#### [WHAT THIS TASK INVOLVES]
Everything in the data should be repeated exactly, save for the images.

#### [MATERIAL FOR THIS EXERCISE]
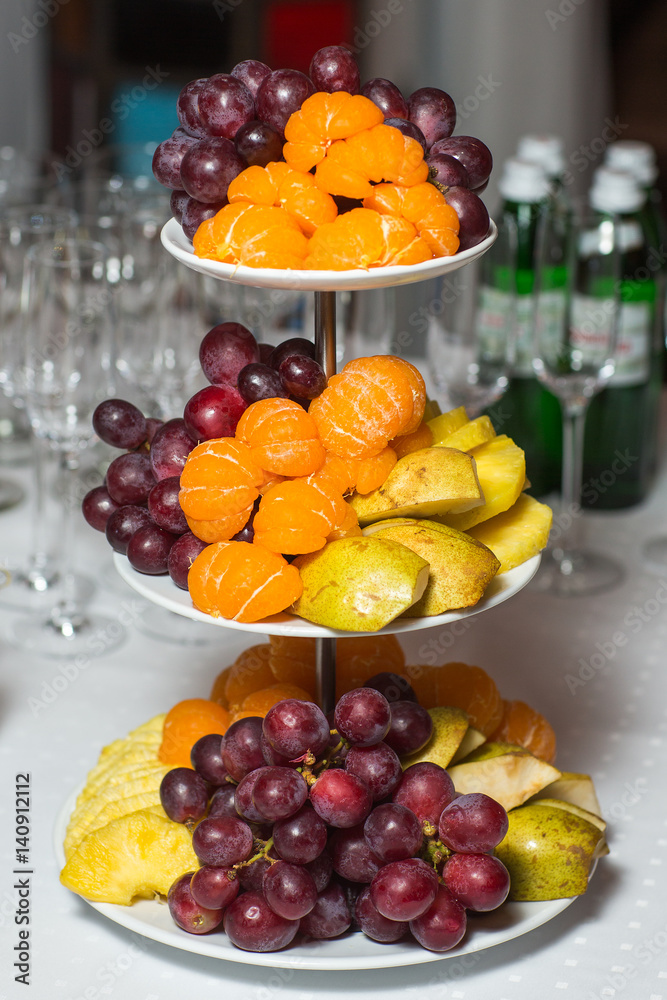 plate with fresh mixed fruits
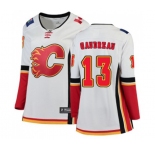 Women Calgary Flames #13 Johnny Gaudreau Authentic White Away Fanatics Branded Breakaway Hockey Jersey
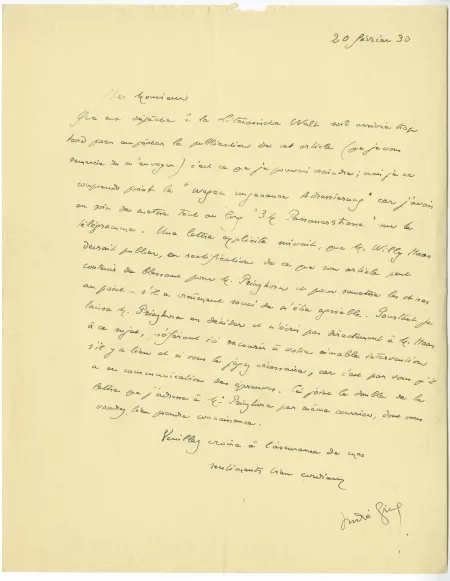 N-08-p A Gide à G Kilpper 20 fév 1930 ms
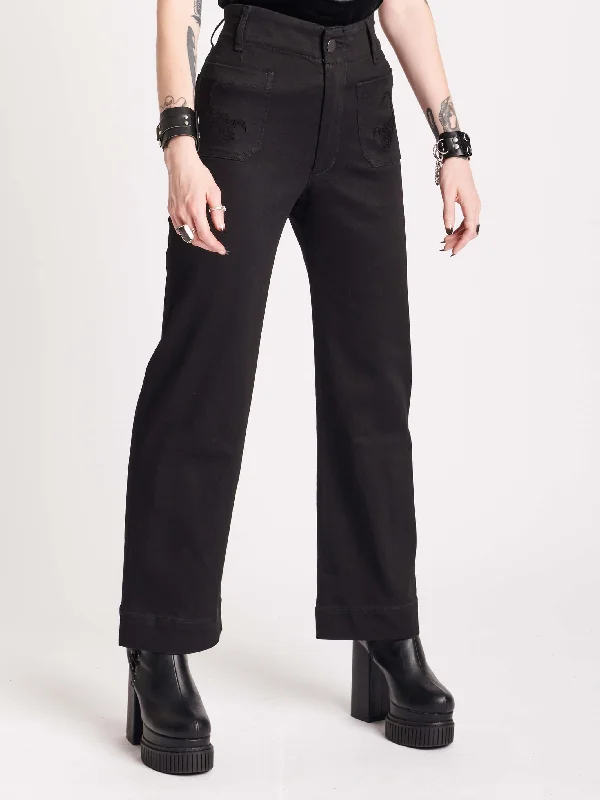 Affordable Online Boutiques Cropped Wide Leg Jeans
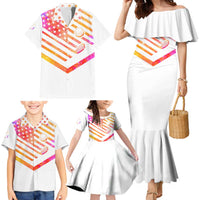 USA Golf Design Family Matching Mermaid Dress and Hawaiian Shirt Watercolor Female Silhouette and Orange Gradient Flag and Ball Pattern - Wonder Print Shop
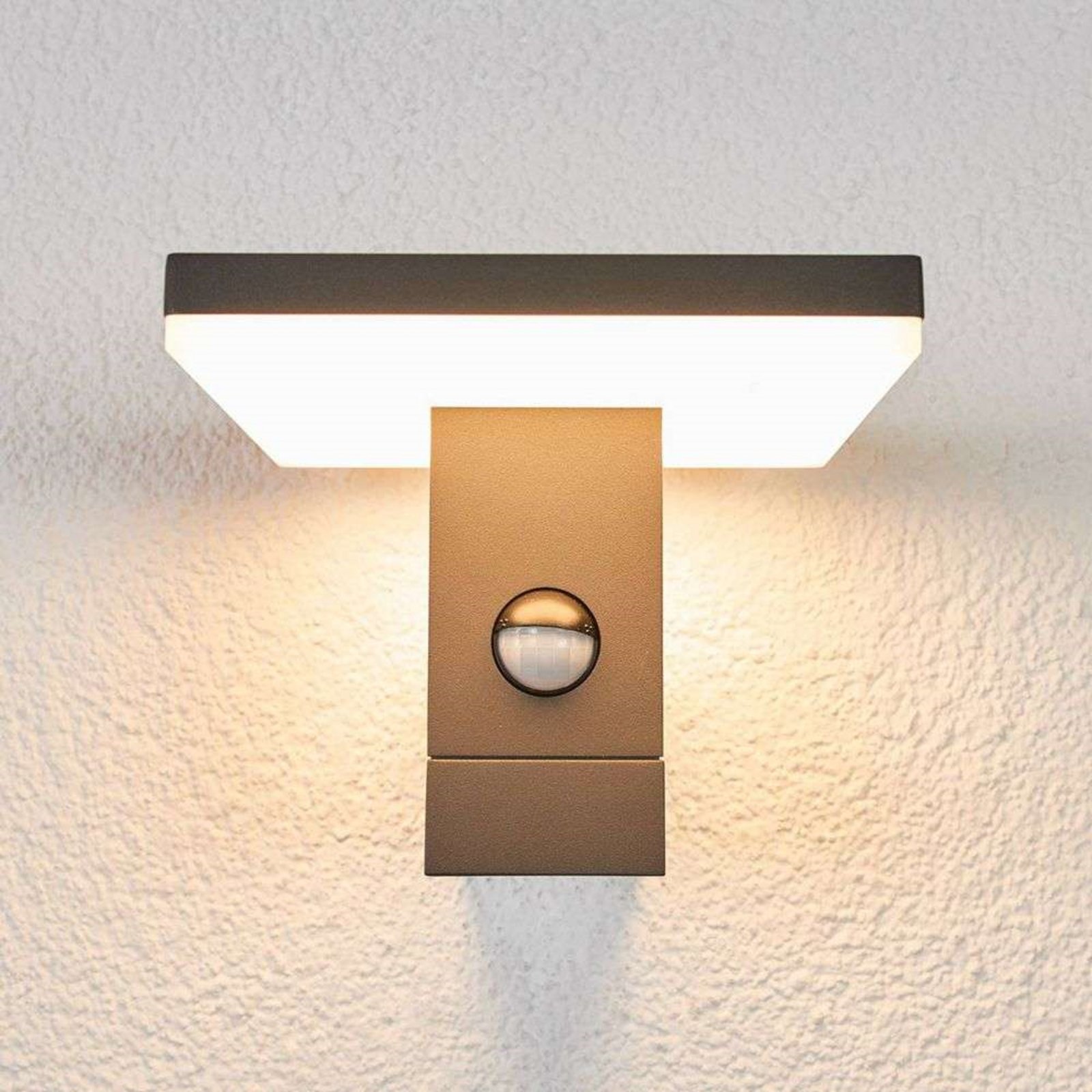 Olesia Buiten Wandlamp w/Sensor Dark Grey/Opal - Lucande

#### [OUTPUT]
 plate with fresh mixed fruits
 Women Calgary Flames #13 Johnny Gaudreau Authentic White Away Fanatics Branded Breakaway Hockey Jersey
 N-08-p A Gide à G Kilpper 20 fév 1930 ms
 Affordable Online Boutiques Cropped Wide Leg Jeans
 USA Golf Design Family Matching Mermaid Dress and Hawaiian Shirt Watercolor Female Silhouette and Orange Gradient Flag and Ball Pattern - Wonder Print Shop
 Olesia Buiten Wandlamp w/Sensor Dark Grey/Opal - Lucande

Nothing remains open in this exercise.